- _Exercise objective_
All entries should be printed precisely as written.

Top of Data for this exercise

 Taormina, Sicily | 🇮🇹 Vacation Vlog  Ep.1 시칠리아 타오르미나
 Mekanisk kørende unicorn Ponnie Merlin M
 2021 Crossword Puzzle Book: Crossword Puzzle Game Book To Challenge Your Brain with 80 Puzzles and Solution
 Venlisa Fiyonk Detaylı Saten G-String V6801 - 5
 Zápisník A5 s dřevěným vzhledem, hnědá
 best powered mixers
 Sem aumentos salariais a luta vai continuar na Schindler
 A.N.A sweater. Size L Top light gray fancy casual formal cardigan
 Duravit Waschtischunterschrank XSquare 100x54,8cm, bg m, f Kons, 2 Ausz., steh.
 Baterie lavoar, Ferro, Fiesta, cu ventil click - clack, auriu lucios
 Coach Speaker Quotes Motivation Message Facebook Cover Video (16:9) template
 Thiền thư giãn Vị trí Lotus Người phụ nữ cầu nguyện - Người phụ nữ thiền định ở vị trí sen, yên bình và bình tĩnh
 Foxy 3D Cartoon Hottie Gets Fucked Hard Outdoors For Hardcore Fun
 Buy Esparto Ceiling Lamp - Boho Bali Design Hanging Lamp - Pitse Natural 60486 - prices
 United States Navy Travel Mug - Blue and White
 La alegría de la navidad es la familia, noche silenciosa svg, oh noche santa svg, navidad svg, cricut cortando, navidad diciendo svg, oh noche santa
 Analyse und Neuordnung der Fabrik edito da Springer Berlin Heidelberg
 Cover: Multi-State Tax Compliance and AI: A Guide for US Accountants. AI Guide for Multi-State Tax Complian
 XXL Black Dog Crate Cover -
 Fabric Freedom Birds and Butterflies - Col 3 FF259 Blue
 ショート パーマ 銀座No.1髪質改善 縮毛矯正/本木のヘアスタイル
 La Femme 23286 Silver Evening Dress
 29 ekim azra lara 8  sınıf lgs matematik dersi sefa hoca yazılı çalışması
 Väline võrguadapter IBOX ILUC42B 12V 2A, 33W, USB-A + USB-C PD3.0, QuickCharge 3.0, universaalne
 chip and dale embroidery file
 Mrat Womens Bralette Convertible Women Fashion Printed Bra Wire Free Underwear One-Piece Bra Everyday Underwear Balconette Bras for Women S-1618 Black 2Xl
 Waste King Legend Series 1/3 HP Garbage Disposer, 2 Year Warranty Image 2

Bottom of Data for this exercise

- _Answer to this task_
 Taormina, Sicily | 🇮🇹 Vacation Vlog  Ep.1 시칠리아 타오르미나
 Mekanisk kørende unicorn Ponnie Merlin M
 2021 Crossword Puzzle Book: Crossword Puzzle Game Book To Challenge Your Brain with 80 Puzzles and Solution
 Venlisa Fiyonk Detaylı Saten G-String V6801 - 5
 Zápisník A5 s dřevěným vzhledem, hnědá
 best powered mixers
 Sem aumentos salariais a luta vai continuar na Schindler
 A.N.A sweater. Size L Top light gray fancy casual formal cardigan
 Duravit Waschtischunterschrank XSquare 100x54,8cm, bg m, f Kons, 2 Ausz., steh.
 Baterie lavoar, Ferro, Fiesta, cu ventil click - clack, auriu lucios
 Coach Speaker Quotes Motivation Message Facebook Cover Video (16:9) template
 Thiền thư giãn Vị trí Lotus Người phụ nữ cầu nguyện - Người phụ nữ thiền định ở vị trí sen, yên bình và bình tĩnh
 Foxy 3D Cartoon Hottie Gets Fucked Hard Outdoors For Hardcore Fun
 Buy Esparto Ceiling Lamp - Boho Bali Design Hanging Lamp - Pitse Natural 60486 - prices
 United States Navy Travel Mug - Blue and White
 La alegría de la navidad es la familia, noche silenciosa svg, oh noche santa svg, navidad svg, cricut cortando, navidad diciendo svg, oh noche santa
 Analyse und Neuordnung der Fabrik edito da Springer Berlin Heidelberg
 Cover: Multi-State Tax Compliance and AI: A Guide for US Accountants. AI Guide for Multi-State Tax Complian
 XXL Black Dog Crate Cover -
 Fabric Freedom Birds and Butterflies - Col 3 FF259 Blue
 ショート パーマ 銀座No.1髪質改善 縮毛矯正/本木のヘアスタイル
 La Femme 23286 Silver Evening Dress
 29 ekim azra lara 8  sınıf lgs matematik dersi sefa hoca yazılı çalışması
 Väline võrguadapter IBOX ILUC42B 12V 2A, 33W, USB-A + USB-C PD3.0, QuickCharge 3.0, universaalne
 chip and dale embroidery file
 Mrat Womens Bralette Convertible Women Fashion Printed Bra Wire Free Underwear One-Piece Bra Everyday Underwear Balconette Bras for Women S-1618 Black 2Xl
 Waste King Legend Series 1/3 HP Garbage Disposer, 2 Year Warranty Image 2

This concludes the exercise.